Now, the mornings feel quieter. Too quiet. No heavy head nudging into my hand. No excited bark asking for breakfast. No stretching, yawning, or warm presence lying next to me. The emptiness hits hardest when I reach for the leash out of habit, or glance at his favorite spot by the door. The weight of his absence is everywhere, but it’s especially heavy in those first waking moments when he used to be the very first part of my day.

But then there’s CiCi.

She’s a completely different soul—goofy, high-energy, and full of surprises. When I’m lost in memories of Chooch, CiCi brings me back to the present with her wagging tail and playful eyes. She doesn’t try to replace him, and she doesn’t have to. Somehow, she knows just how to lift my spirits, often without doing anything grand. A silly spin, a belly flop onto her bed, or even just her clumsy way of climbing into my lap can make me laugh when I didn’t think I could.

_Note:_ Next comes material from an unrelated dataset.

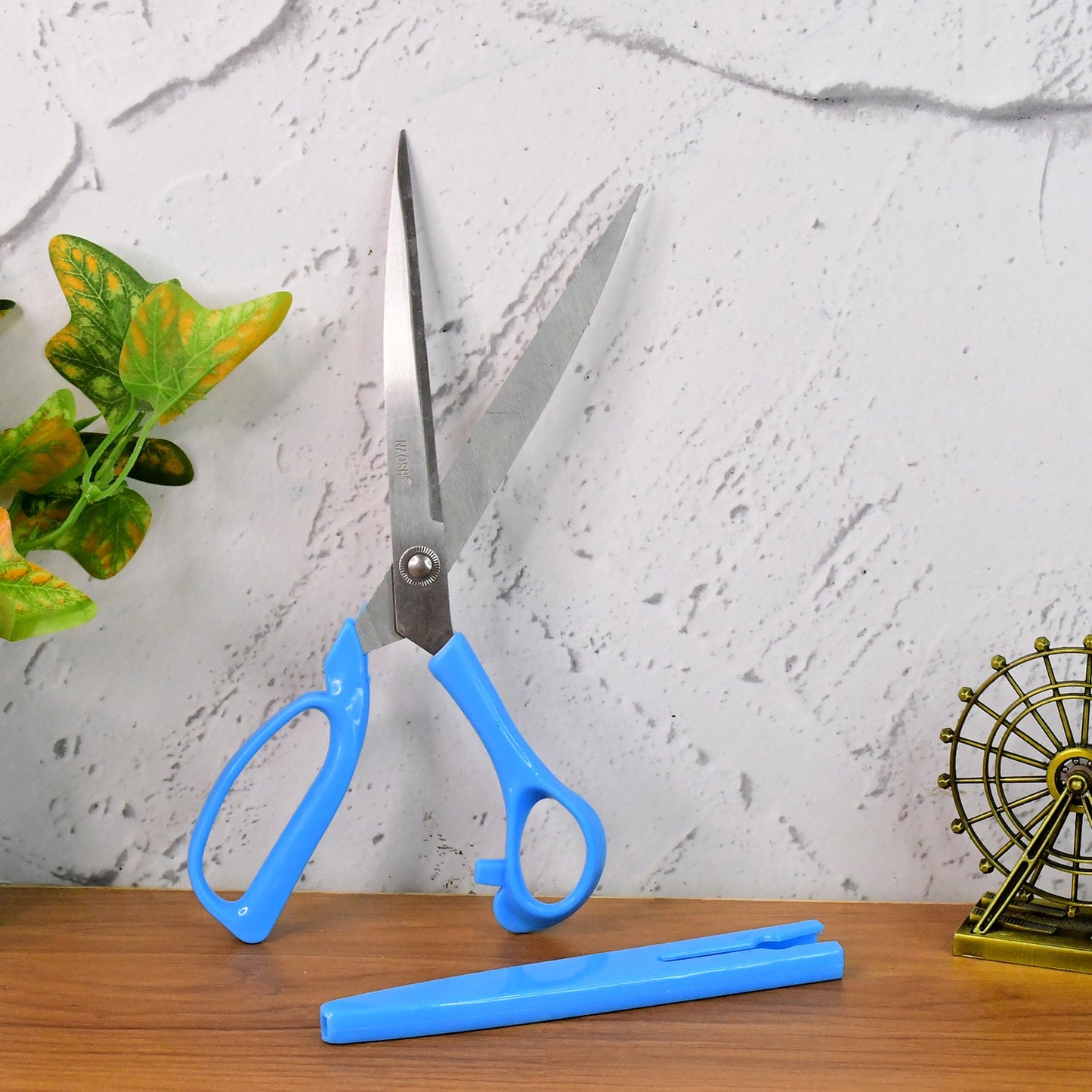Angled side view of the Carbo Titanium scissors, highlighting the ergonomic bent handle.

One morning, I sat quietly in the kitchen, coffee untouched, thinking of all the times Chooch had rested his chin on my knee as I drank it. Out of nowhere, CiCi trotted in, jumped onto the bench next to me, and put her head gently in my lap—almost the exact same way. It broke me and healed me at the same time.

Grief doesn’t go away, but joy still finds its way in.

I’ll always miss Chooch, especially in the mornings. He was a rhythm in my life that I never wanted to lose. But thanks to CiCi, that rhythm hasn’t stopped—it’s just changed. She reminds me that love continues, even after loss. And for that, I’m so grateful.

Thank you, CiCi, for bringing light to my mornings again.